- [EXERCISE REQUIREMENTS]: Taking only the lines of the data below from the line with "A car flipped" to the line with "Maxi dress in", ends included, write them out exactly and without pictures.

- [TASK MATERIAL]:
================================

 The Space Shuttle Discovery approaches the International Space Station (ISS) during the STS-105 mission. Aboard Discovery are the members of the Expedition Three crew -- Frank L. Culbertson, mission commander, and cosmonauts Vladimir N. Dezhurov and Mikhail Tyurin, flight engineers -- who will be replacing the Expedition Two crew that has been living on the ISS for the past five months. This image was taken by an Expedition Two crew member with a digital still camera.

================================

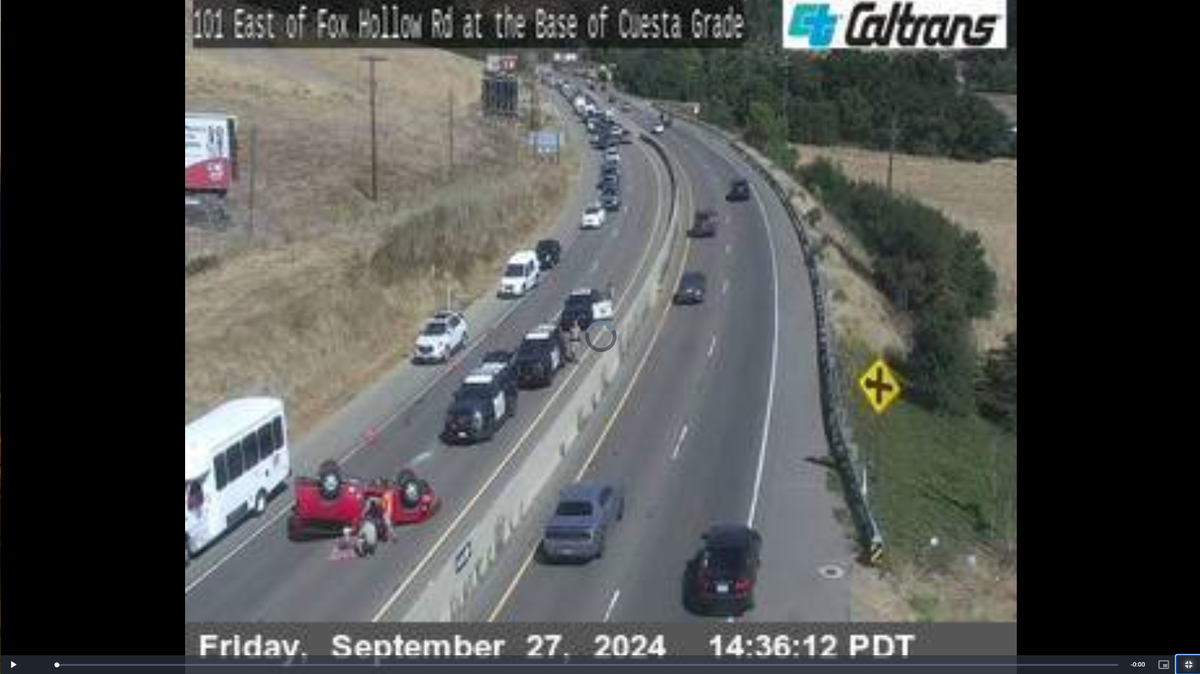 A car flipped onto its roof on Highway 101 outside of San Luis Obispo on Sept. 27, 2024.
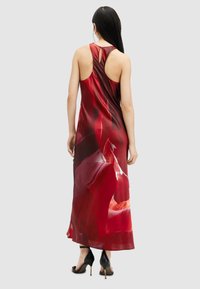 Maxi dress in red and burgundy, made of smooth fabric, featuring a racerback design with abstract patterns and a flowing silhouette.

================================

- [THE ANSWER]:
 A car flipped onto its roof on Highway 101 outside of San Luis Obispo on Sept. 27, 2024.
 Maxi dress in red and burgundy, made of smooth fabric, featuring a racerback design with abstract patterns and a flowing silhouette.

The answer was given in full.